Almost every time I assess a client’s website I hear the same question.  What does bounce rate mean?  So time to explain.

What is a bounce rate?

On your Google Analytics report you will always see the bounce rate as a percentage and it’s actually the percentage of single page visits where your visitor arrived on a landing page and left from that page.   In short it’s a measure of relevance and quality and if you have a high bounce rate it can suggest that visitors are not finding what they are expecting to find i.e. the page they landed on is not relevant and there was nothing else to attract their attention so they left.

Bounce rate doesn’t always have to matter

A lot of sites have hidden landing pages or products that they direct people too specifically, so a site with a high bounce rate doesn’t necessarily have to be a flawed site if you are sending people to specific pages and they book services or buy products from that page, as it’s served it’s purpose and you don’t necessarily need them to look around your website.  If you want them to then it’s down to the redirection you offer on hidden landing pages as to whether they do.

Bounce rate gives you and idea of how your adwords and organic searches work

A lot of people think the bounce rate is only important on an adwords campaign but it can be important on your organic searches to, as it helps you understand what your customers are doing.  Often sites that do a lot of AdWords campaigns have high bounce rates because they’re directing people via the AdWords to specific services or products.  It doesn’t always means a bad thing as if you’ve set up conversion data you can get good info about how effective your campaigns are.    You may not be aware but one of the tools Google uses to assess the cost of a click is the quality/relevance of your site on an organic level, so if you haven’t bothered with your organic SEO because you get people to your site with AdWords, you’re missing a trick on two fronts.

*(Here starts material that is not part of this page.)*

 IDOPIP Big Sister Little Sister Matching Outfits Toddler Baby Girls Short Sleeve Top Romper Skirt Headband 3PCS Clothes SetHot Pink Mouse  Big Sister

Why good Organic SEO helps with your AdWords cost?

Good does value relevancy on a site, if you haven’t bothered with organic SEO your site may have relevancy issues and sites with poor relevancy pay a premium for adwords.  So when you get good SEO on our website, you not only pick up a higher ratio of free organic searches, the cost of your AdWords tends to come down per click.  Remember that optimising your site organically is cost effective long term and much more sustainable.  When you stop paying Google for your AdWords, the customers stop, if you’re site is well optimised and you keep it updated, it costs very little and the customers keep coming.

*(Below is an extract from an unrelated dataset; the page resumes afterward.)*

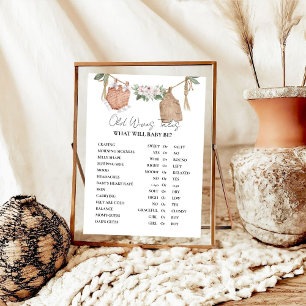 Affiche Boho Vêtements Vieux WI-ves Tales Baby shower Jeu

You can check organic and Adwords Bounce Rates in Google Analytics

The good thing is that Google Analytics can tell you bounce rates on your site in general, on specific pages as well and on your AdWord campaigns.  It can also tell you the number of visitors, where they are coming from, what keywords they used to get there and how long they stayed on your site.   Lots of good reasons for making sure that you sign up for Google Analytics.   It’s not much good having a website if you don’t know what it’s doing for you, is it?

Information sites, site using hidden landing pages and Adwords and Ecommerce sites are different in the way bounce rates show

Ideally your bounce rate should be under 50% but a few points over isn’t a major crisis. An information site with no hidden landing pages would want a bounce rate like this.  But sites using AdWords and hidden landing pages and Ecommerce sites tend to have higher bounce rates and this isn’t necessarily a bid thing, but you do need to keep an eye on the stats to ensure they are not disproportionate.  If you’re paying a fortune for AdWords and 98% of the hits are bouncing out without converting to anything, then something is wrong with your AdWords. Equally i’d be worried at a high bounce rate on hidden landing pages (although at least you’re not paying for the clicks unless they’re being used solely for AdWords) as this points to relevancy issues. So keep an eye on your sites, look out for the pages with very high bounce rates and the AdWords campaigns that are costing and not delivery and review things regularly.

Information sites

If you’re site is predominately an information site then note the pages have a much higher bounce rate than others and navigate your users to other areas of your site from these pages, using links, offers, new content. If there is somewhere interesting for them to go they are less likely to “bounce”.  It’s more important on an information site to keep our users moving around the site.